▶ The problem: Restate each entry exactly, without pictures.

▶ Image-caption web data:
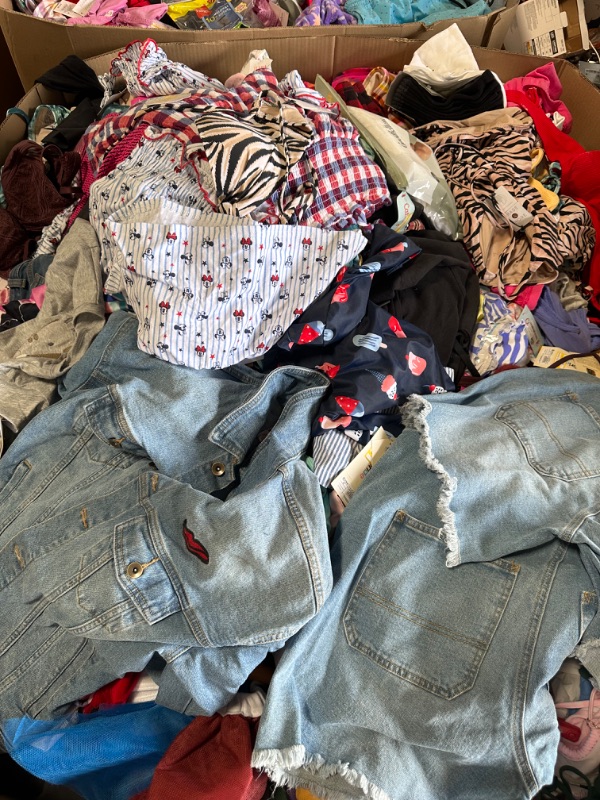 Photo 4 of **PALLET OF ASSORTED CLOTHING, MENS, WOMANS AND CHILDRENDS**ASSORTED SIZING**NONREFUNDABLE**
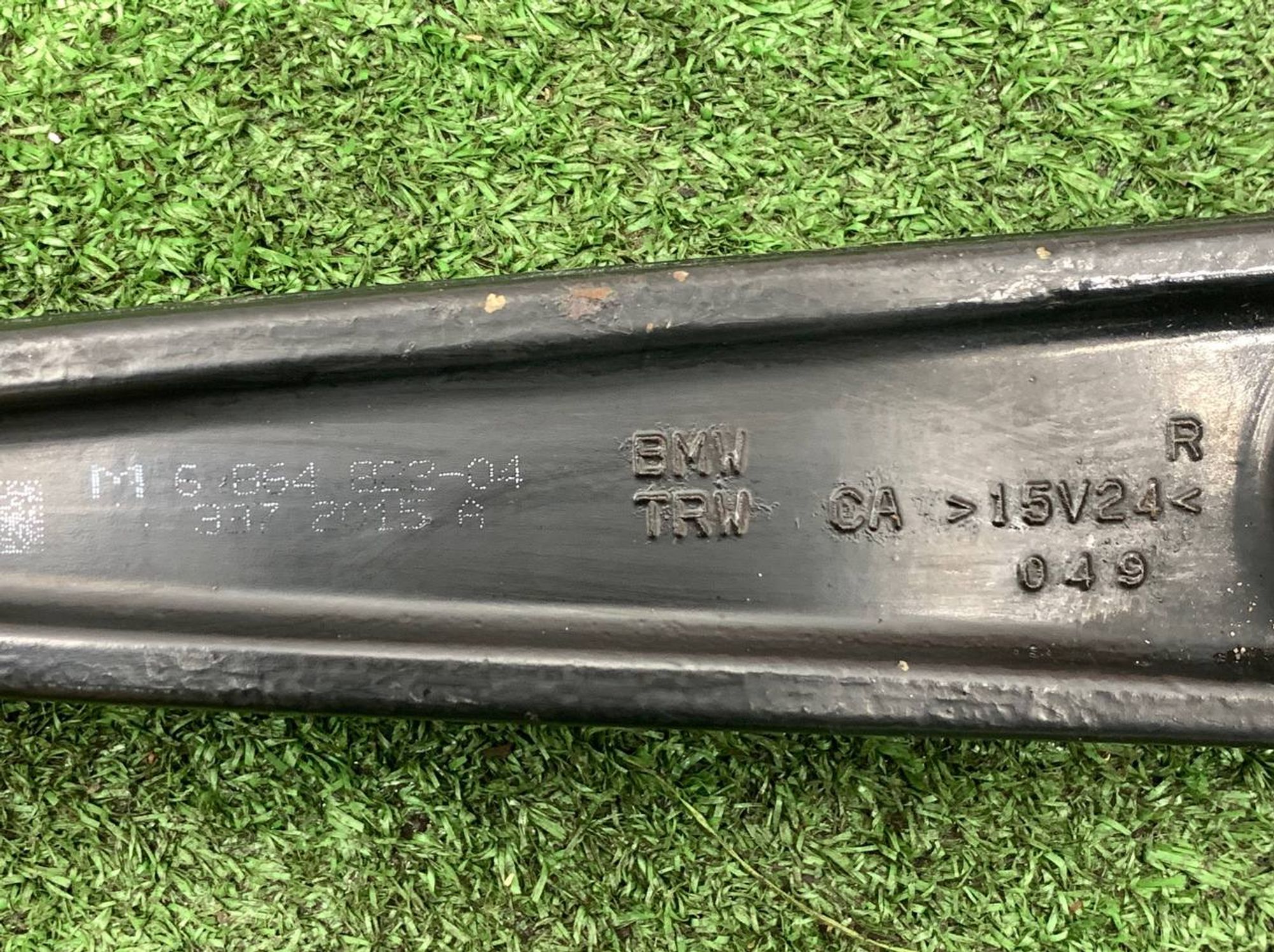 https://ycs.partsauto.market/partsauto-images/thmbs/userImages/h353NjtZg3VDP19b5HMt7LlpbQ93/part/b071b914-340d-4f96-bee1-8e9cfc440488_1727690018882.jpg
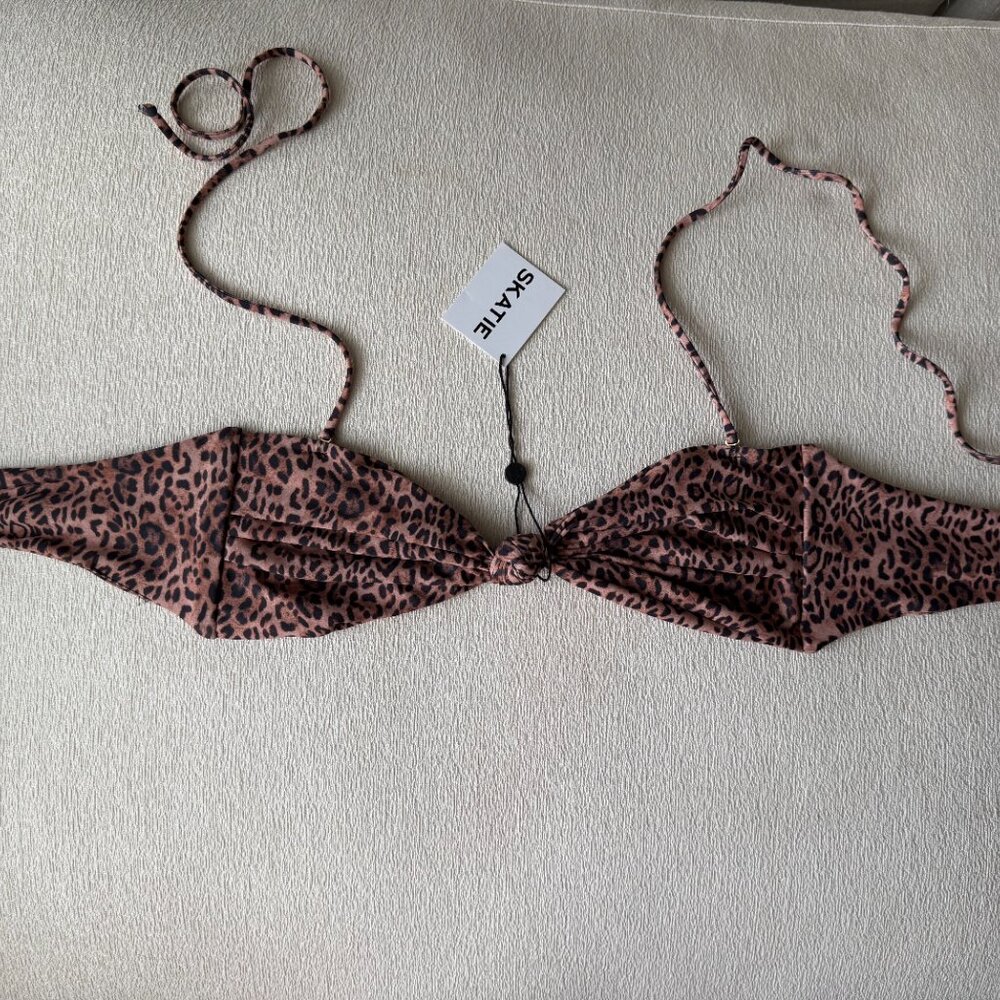 Skatie Lyndi Bikini Top in Kualoa Leopard Print Size Medium
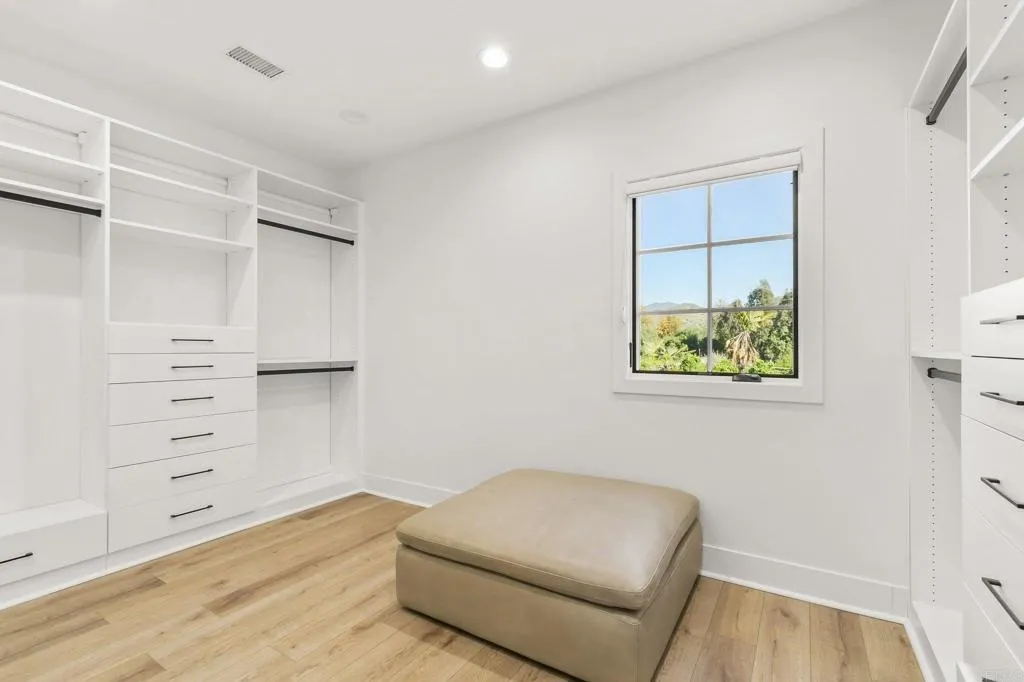 https://cdn.realtyfeed.com/cdn/127/306751836/17a1b7d741e813392b20e3e8d7101ff3.webp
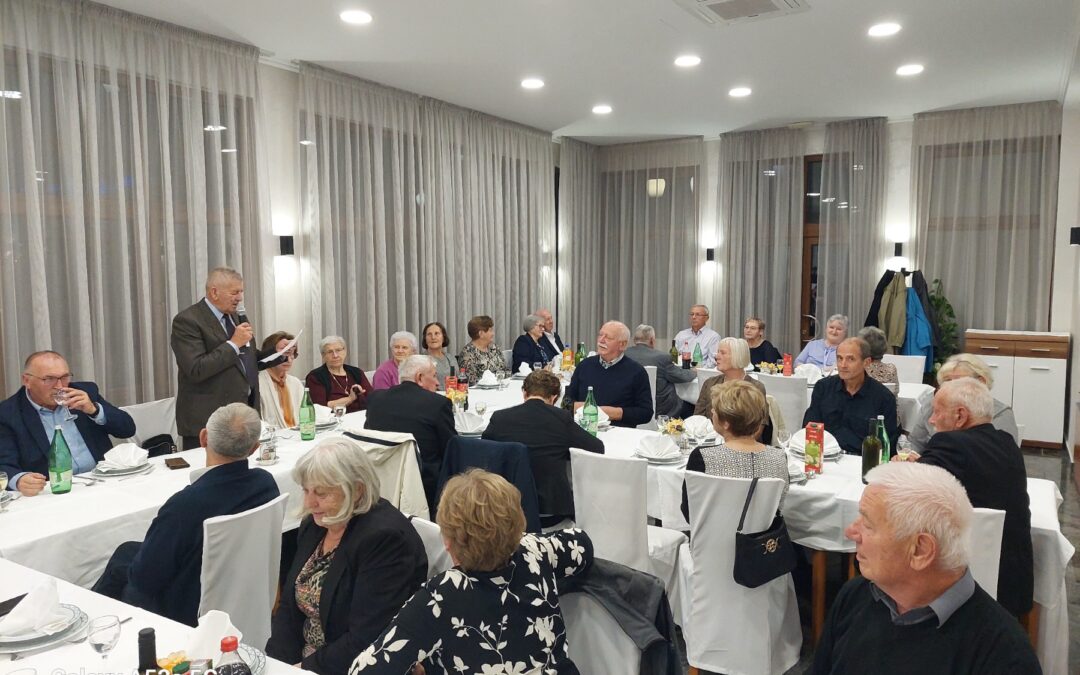 Podružnica umirovljenika  Donjeg Kraljevec susret svih koji slave 50 i 60 g.  braka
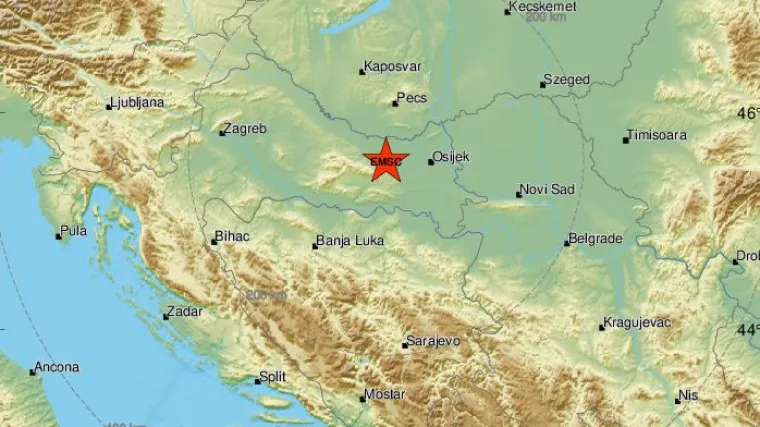 'Glasna tutnjava, zaljulala se terasa i lusteri', 'Treslo se kratko, ali bilo je grozno'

▶ Answer to this task:
 Photo 4 of **PALLET OF ASSORTED CLOTHING, MENS, WOMANS AND CHILDRENDS**ASSORTED SIZING**NONREFUNDABLE**
 https://ycs.partsauto.market/partsauto-images/thmbs/userImages/h353NjtZg3VDP19b5HMt7LlpbQ93/part/b071b914-340d-4f96-bee1-8e9cfc440488_1727690018882.jpg
 Skatie Lyndi Bikini Top in Kualoa Leopard Print Size Medium
 https://cdn.realtyfeed.com/cdn/127/306751836/17a1b7d741e813392b20e3e8d7101ff3.webp
 Podružnica umirovljenika  Donjeg Kraljevec susret svih koji slave 50 i 60 g.  braka
 'Glasna tutnjava, zaljulala se terasa i lusteri', 'Treslo se kratko, ali bilo je grozno'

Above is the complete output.